The echo chamber of social media is luring the left into cosy delusion and dangerous insularity

News on Facebook travels through “Likes” and shares, and people won’t Like a crackdown on benefits, even if they secretly support it.

By Helen Lewis

Here’s my melodramatic theory: social media lost Labour the last election and it’s going to lose Labour the next one, too.

It sounds bonkers, doesn’t it? But look at it like this: “political Twitter”, the small subset of the social network that isn’t tweeting about One Direction or surfers being ­attacked by sharks, is undeniably skewed to the left. Twitter probably evolved into lefty heaven as a reaction to the right-wing dominance of the printed press, and because of the many arts and comedy bigwigs who imported their existing followings on to the platform. Most progressive commentators and columnists are on there, tweeting away several times a day, while their right-wing equivalents avoid the service altogether, or venture on very occasionally to share a link to their piece.

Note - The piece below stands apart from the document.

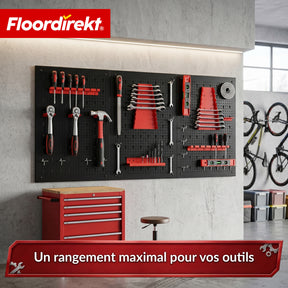 Mur à outils | Parker | Panneau perforé en métal avec accessoires | Support à outils pour atelier et garage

Then there’s Facebook, a much bigger fish, which ought to be more reflective of the wider population because it’s made of networks of schoolfriends, former colleagues, and parents and children. But news on Facebook travels through “Likes” and shares, and people won’t Like a crackdown on benefits, even if they secretly support it. A lot of what happens on Facebook, as with Twitter, is “virtue signalling” – showing off to your friends about how right on you are.

It was this “Tyranny of the Like” that had many social media users convinced that Ed Miliband could squeak the election; after all, their friends seemed to be lapping up the mansion tax and the action against non-doms. No one seemed enthused about taking £12bn off the benefit bill, or reducing the help given to disabled people.

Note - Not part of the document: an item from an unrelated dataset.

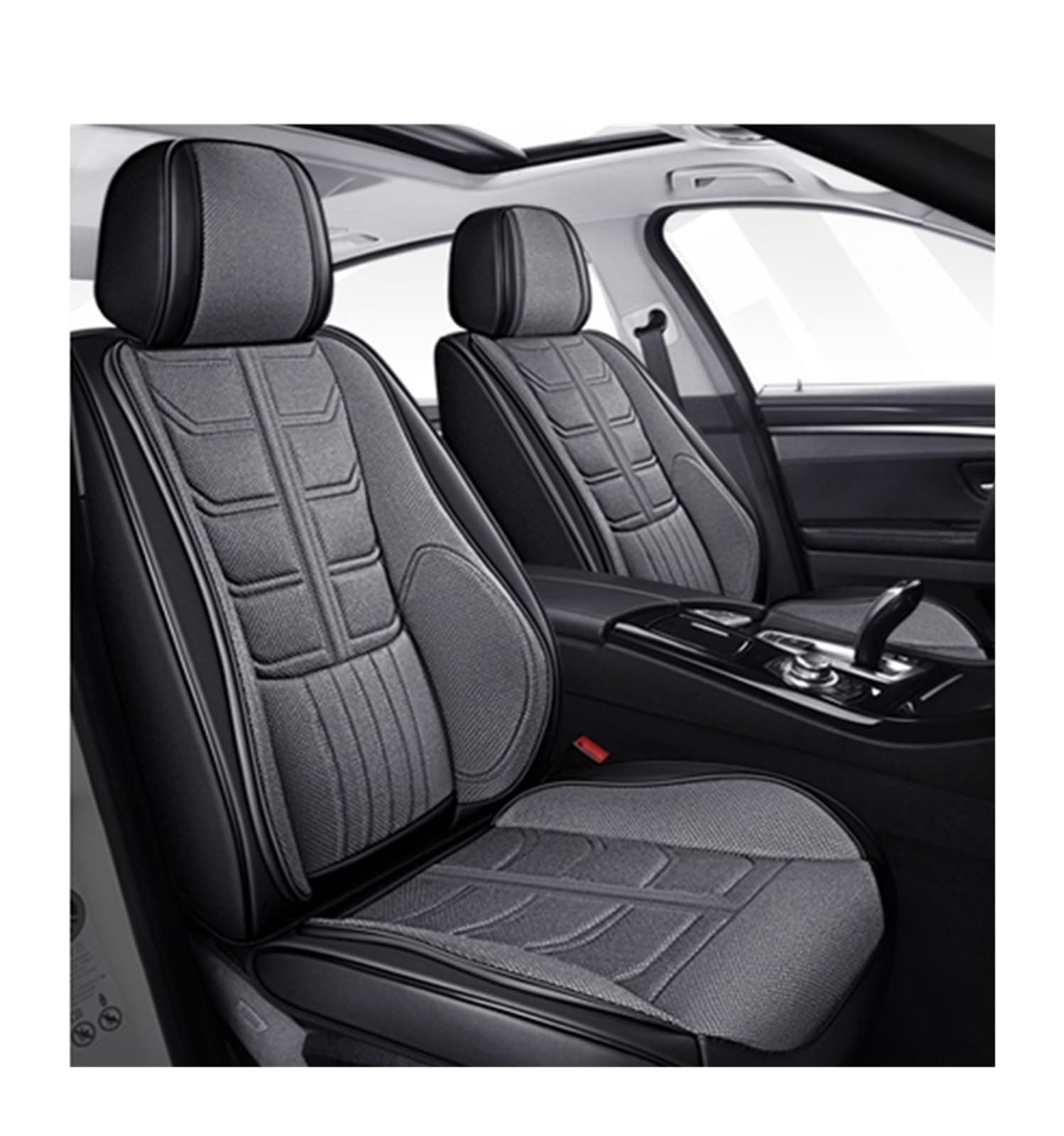 PAKAGVTTB Sitzbezüge Universal-Komplettset Autositzbezüge für MG für ZS für Sonata für Accent für Solaris Leder + Flachs Zubehör Interieur Vordersitzbezüge(Color 3) von PAKAGVTTB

Partly this is an advanced version of the “shy Tory” phenomenon that has long led pollsters to underestimate the Conservative vote. The late New Labour guru Philip Gould saw it in focus groups conducted in 1985, where women aged 25 to 44 were asked what issues affected them. They named law and order, health, education and variations on the micro-economy. They didn’t give a stuff about Labour’s preoccupations: nuclear disarmament and the role of minorities in society. Gould concluded: “Self-interest was no longer a dirty word; they admitted openly they looked after themselves first.”

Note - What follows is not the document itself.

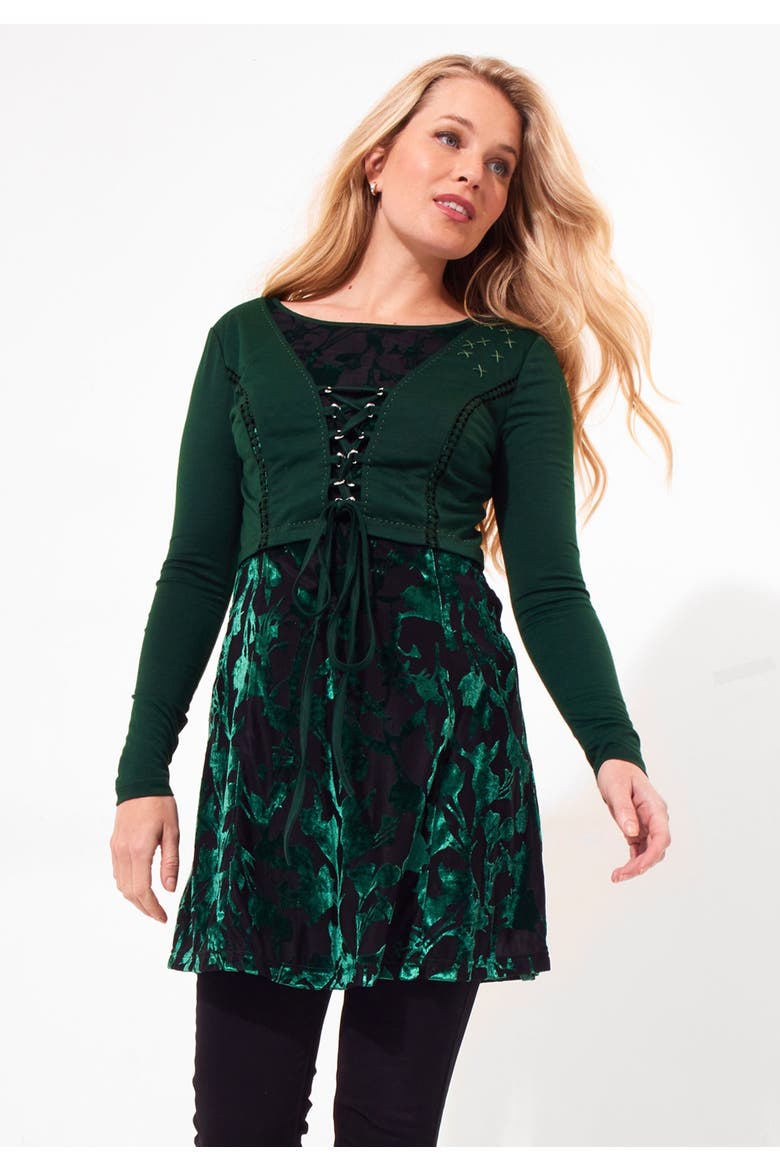 Burnout Velvet Shrug Tunic, Alternate, color, EMERALD BURNOUT LEAVES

Now imagine those same people tweeting or facebooking their thoughts. Would they be as honest and open about their self-interest? I doubt it. They’d be changing their avatar to a rainbow flag, or ostentatiously sharing the touching story of a girl who needs a new wheelchair but can’t ­afford one. And on 7 May, a large percentage of them would have voted Tory.

This summer, as George Osborne slashes tax credits and makes swaths of southern England off limits to anyone on benefits (thanks to the new £20,000 cap), Labour’s attention should turn to the next election and picking a leader who can beat him.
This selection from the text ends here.